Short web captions
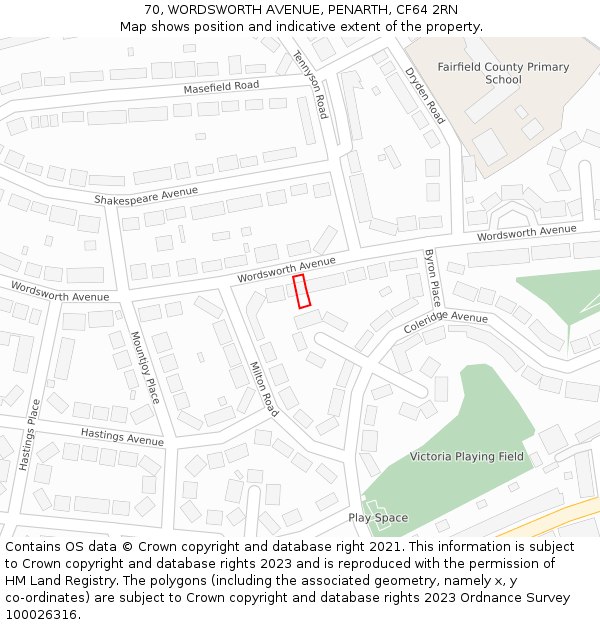 70, WORDSWORTH AVENUE, PENARTH, CF64 2RN: Location map and indicative extent of plot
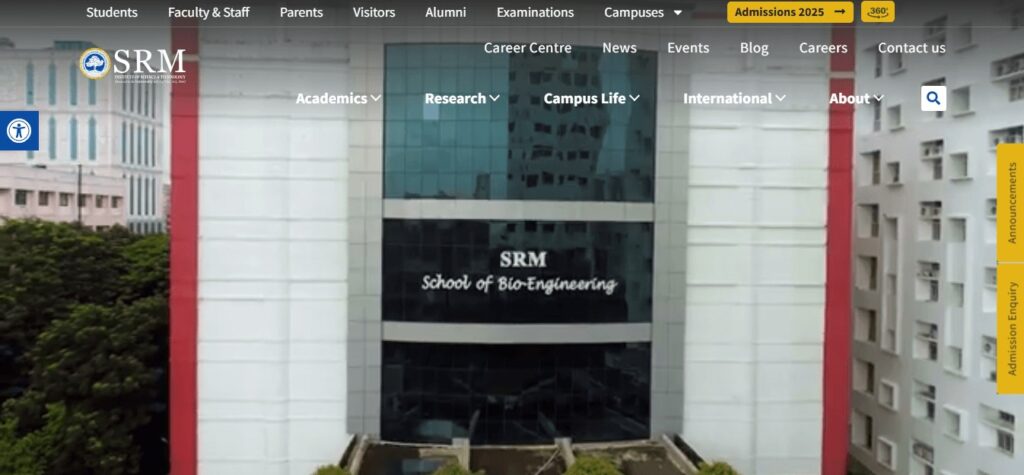 College Website Design Trends & Technologies (SRM Institute of Science and Technology) - ColorWhistle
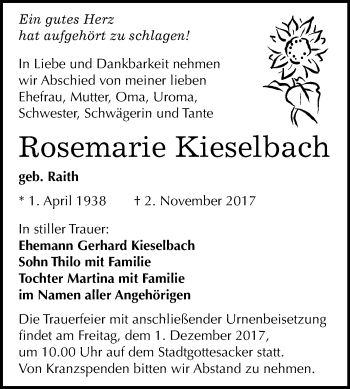 Traueranzeige von Rosemarie Kieselbach von Mitteldeutsche Zeitung Halle/Saalkreis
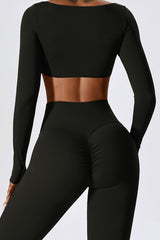 Women'S Square Neck Crop Long Sleeve Top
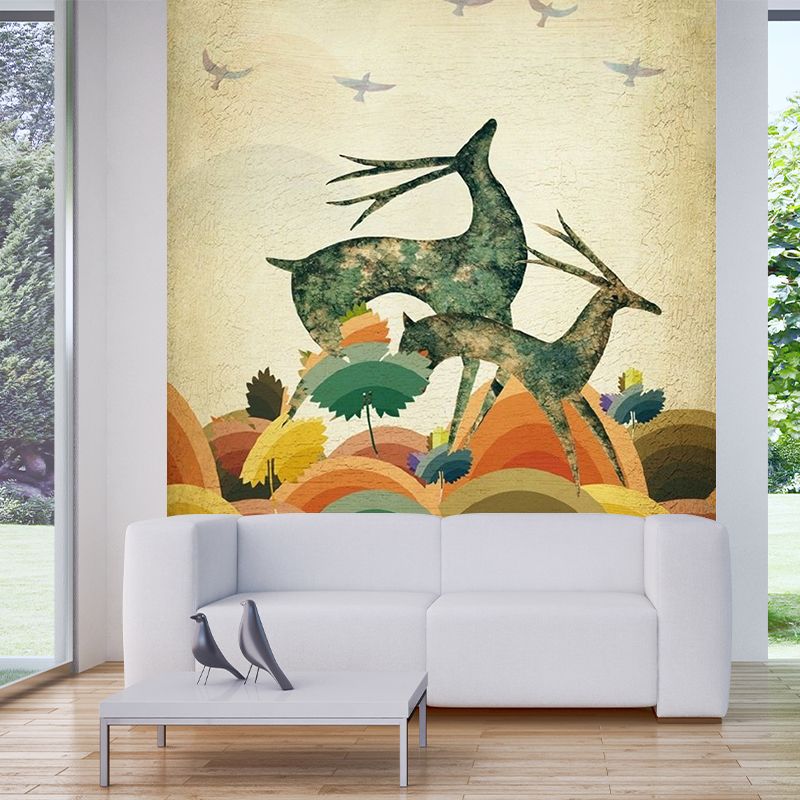 Wild Land Deers Wallpaper Murals Beige Scandinavian Wall Decoration for Living Room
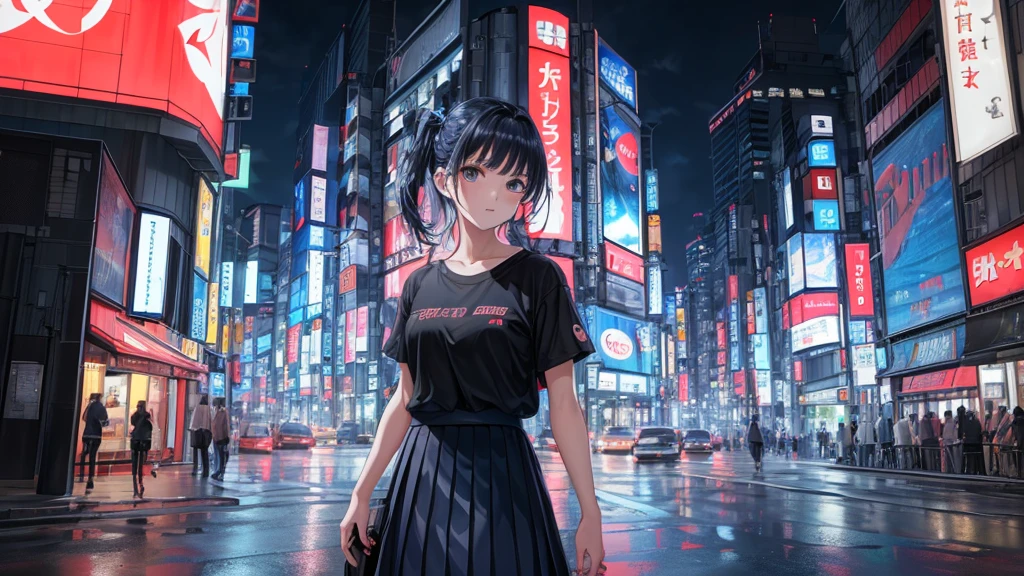 (8k, raw photo, masterpiece:1.3), (realist, photo-realist:1.37), (evening), (looking at the viewer:1.331), (by white), Posing, Tokyo Street, eveningcityscape, Cyberpunk City, luz outfit, 1 girl, extremely beautiful face, bust, lower your hands, Random hairstyle, random expression, large eyes, lower abdomen, (short sleeve .JK_shirt), JK_style, (JK dark blue_Skirt), (arco JK_Atar), mix4., Best Quality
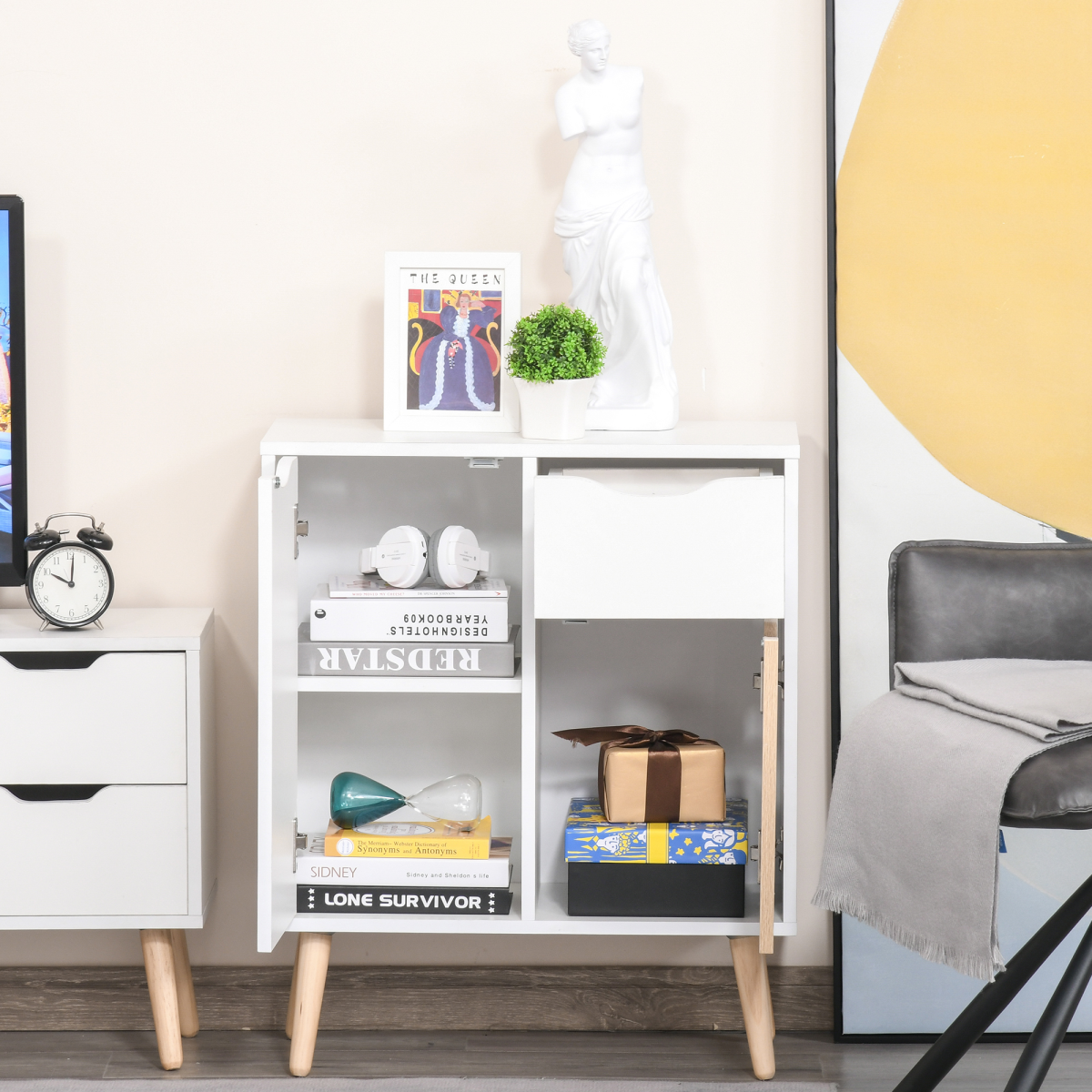 Floor Cabinet Storage Cupboard Sideboard with Drawer for Bedroom, Living Room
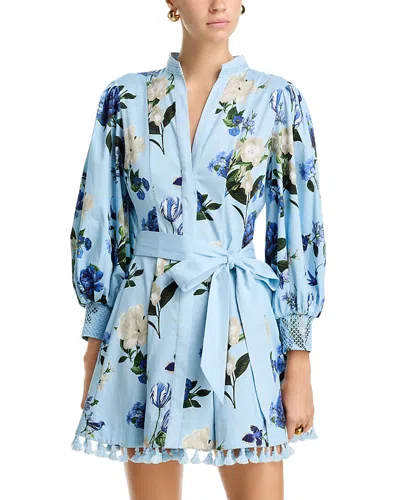 Alice And Olivia Lucy Long Sleeve Mini Shirt Dress In Blue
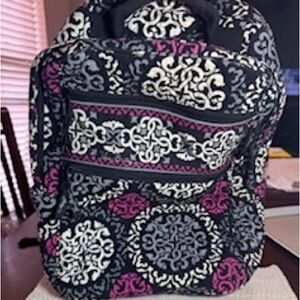 Vera Bradley Campus Backpack, retired 2013 Canterberry Magenta pattern pink/blk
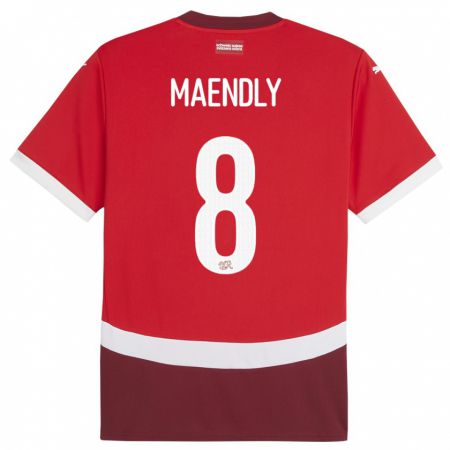 Kandiny Niño Camiseta Suiza Sandy Maendly #8 Rojo 1ª Equipación 24-26 La Camisa Chile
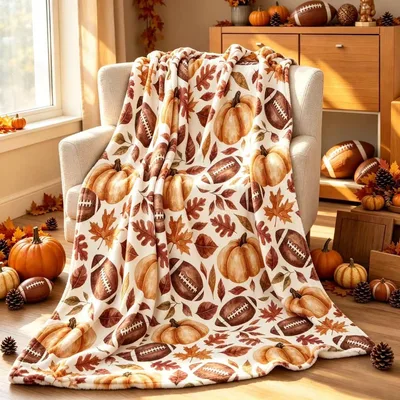 Fall Football Pumpkins Blanket: Autumn Sports Pattern for Game Day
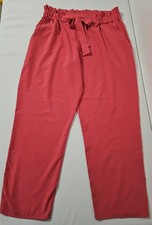 Women's Pink Ankle Pants Tie Elastic Waist Bow Accent Pockets Flat Front Solid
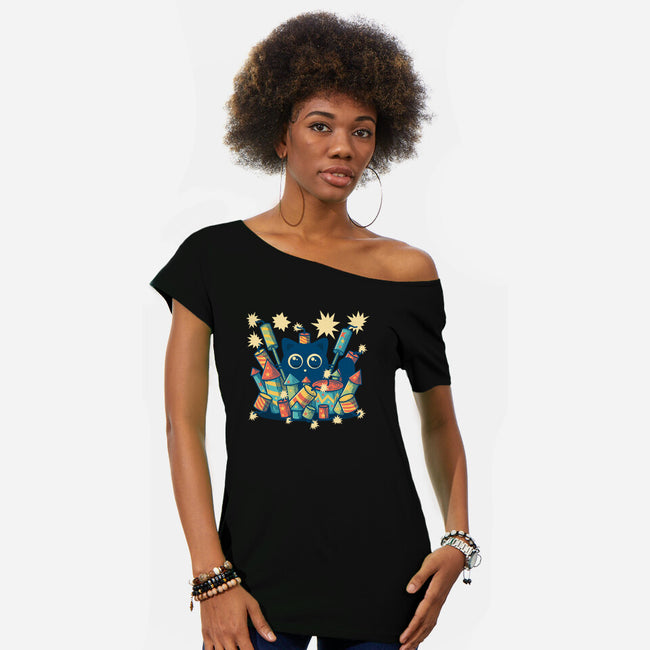 Explosive Kitty-Womens-Off Shoulder-Tee-erion_designs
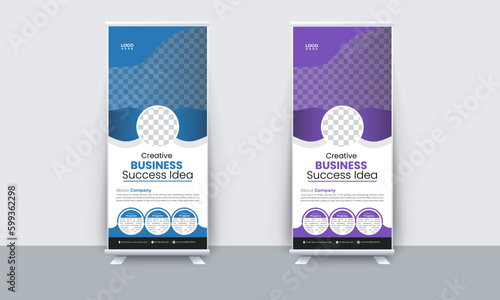Roll up business template layout brochure leaflet-vector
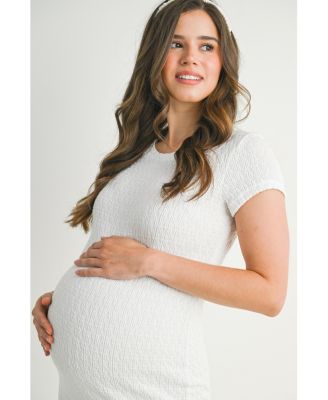 Maternity Crewneck Short-Sleeve Textured Bodycon Dress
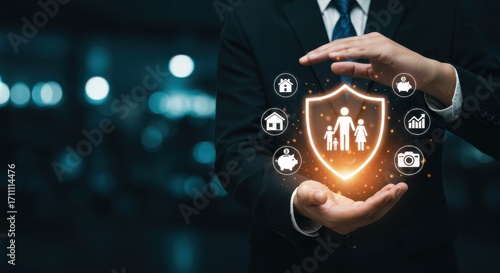 A person in a suit holds a glowing shield with a family icon surrounded by security icons in a dark office environment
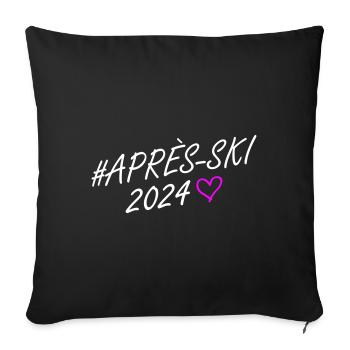 Après Ski 2024 Heart Trip - Sofa pillowcase 17,3'' x 17,3'' (45 x 45 cm) - black - Front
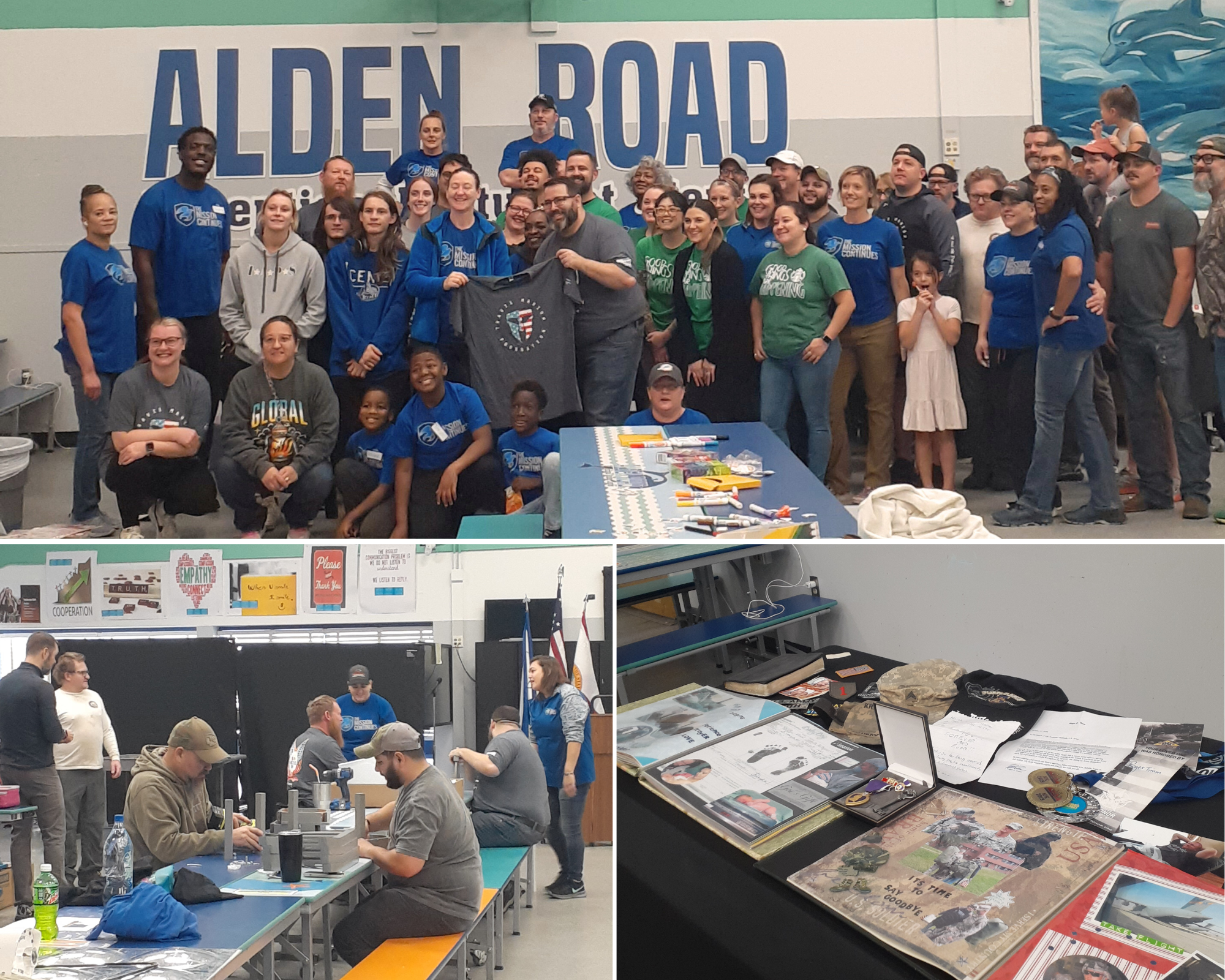 Service Project at Alden Road ESC with The Mission Continues volunteers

-- EXERCISE PROMPT --
Print exactly the lines from the first line of the records above through the line containing "Wild Land Deers", leaving out the pictures.

-- WRITTEN ANSWER --
 70, WORDSWORTH AVENUE, PENARTH, CF64 2RN: Location map and indicative extent of plot
 College Website Design Trends & Technologies (SRM Institute of Science and Technology) - ColorWhistle
 Traueranzeige von Rosemarie Kieselbach von Mitteldeutsche Zeitung Halle/Saalkreis
 Women'S Square Neck Crop Long Sleeve Top
 Wild Land Deers Wallpaper Murals Beige Scandinavian Wall Decoration for Living Room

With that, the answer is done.